Will they have the same last name? I'm guessing not, from your description, but that's the only thing that might make me hesitate, I think--it'd just be too awkward (and possibly cause some identity mix-up by third parties--like credit cards or billing agencies--in the future). Otherwise, it's your cousin, it's not your sibling, and there's enough geographical and age distance for it to be OK.
posted by dlugoczaj at 11:12 AM on November 18, 2013


No. It is not weird.
Name your children what you want.
posted by Flood at 11:15 AM on November 18, 2013


This is rampant on my wife's father's side of the family. Uncle Mike, and cousins Big Mike, and Little Mike. Uncle Chris and Cousin Chris. Etc. It's really not a problem at all, unless you're offended by silly family nicknames.
posted by that's candlepin at 11:19 AM on November 18, 2013


FWIW, my mother did this with me. Her older sister had already named my cousin with the same first name, different middle name. It's not a family name, just a semi popular girl's name.
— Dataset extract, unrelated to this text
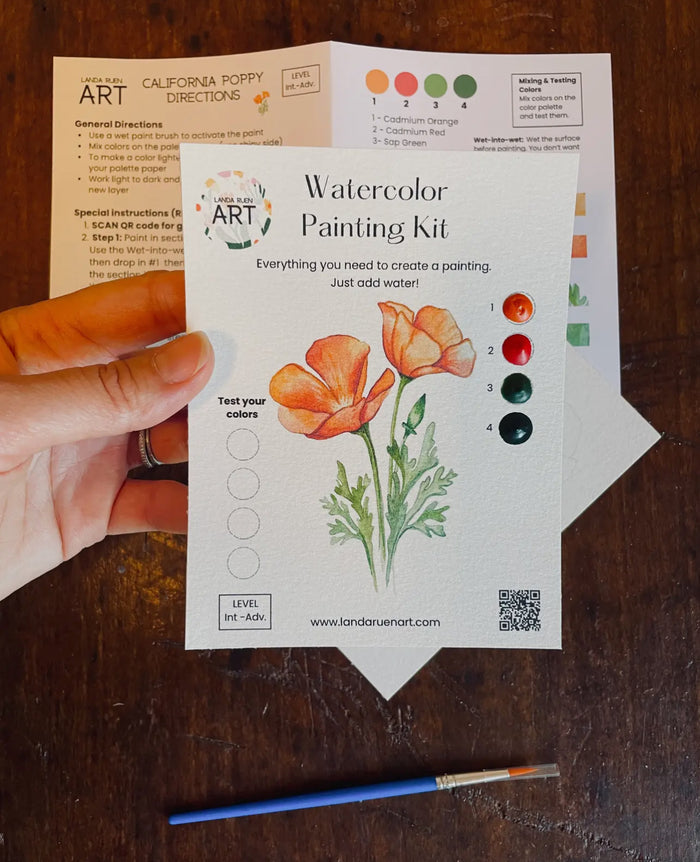 Watercolor Painting Kit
I think my aunt (who gets mad about little things all the time) was a tiny bit miffed and to this day refers to me by my first and middle name together, while everyone else refers to us as "big" and "little" Name at family gatherings. Not a big deal in the grand scheme of things.
posted by permiechickie at 11:20 AM on November 18, 2013


It's never a kind thing to appear as though you "stole" a family member's kid's name. If the relationship is important to you, please discuss it first and ask for their blessing to use the name - even though you don't have to because it's a free country, it's a small gesture showing you care about their feelings.
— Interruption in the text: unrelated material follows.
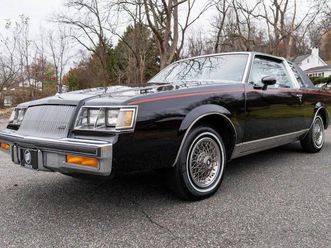 used 1987 buick regal limited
However, @sonika here is right - if the name you want to use is very common (objectively defined as one of the SSA top baby names), then it's fine to use it without telling your cousin first. Nobody in the US this year needs to claim dibs on the name Jacob or Liam.

It is highly relevant that this is a family name, therefore it would be in keeping with tradition to give it to any baby boy in the family, IMHO. If it is an uncommon name, then the family aspect would prevent this from looking like name thievery.

My husband and all of his firstborn male cousins are named for their grandfather, so there are 5 of them with the same super common, classic Biblical name. But - they all have different last names. If your son will have the same first and last names as another baby in his family, I probably wouldn't do it. (on preview, what @dlugoczaj just said.)

Finally, anyone naming a new baby should go read The Baby Name Wizard by Laura Wattenberg. She has a new edition that came out this year and a great name blog.
posted by hush at 11:24 AM on November 18, 2013


Naming your child after your (shared) grandfather seems totally uncontroversial. I'd be more likely to ask your brother about using his name, though I come from a culture where you do not name people after living relatives. Your cousins' children with the same names will survive.

If you're choosing a name with multiple nicknames, it would be nice if you chose a different nickname from the other family members if possible, though.

Note that I come from a culture where you don't name your kids after living relatives, so my feelings might be a bit off.
posted by jeather at 11:25 AM on November 18, 2013


I have a picture of 5 men in my family with the same first and last name. No financial records problems, no spats. You could have staged at least another 5-6 where there were two people with the same first and last name.

But then, this was a big Catholic family, and so traditional names and big families made this completely expected.
posted by mercredi at 11:28 AM on November 18, 2013


I have a 2nd cousin who has the same first, middle and last name I do. Cousin's first and middle are spelled slightly different from mine. I saw my cousin about once a year growing up, and family always referred to us as "Orange-with an e" and "Orange-with an i" to distinguish us (usually shortened to "Orange-EEE" and "Orange-EYE". We have always called each other "eee" and "eye" and her kids call me "Aunt--EEE".

I have no idea what the adults involved thought about this, but my cousin and I always thought it made us special. We used to say that we were in a club, and you had to have this exact name to be in the club. We've never been super close because of distance, but we've always felt like we had a special connection because of our names.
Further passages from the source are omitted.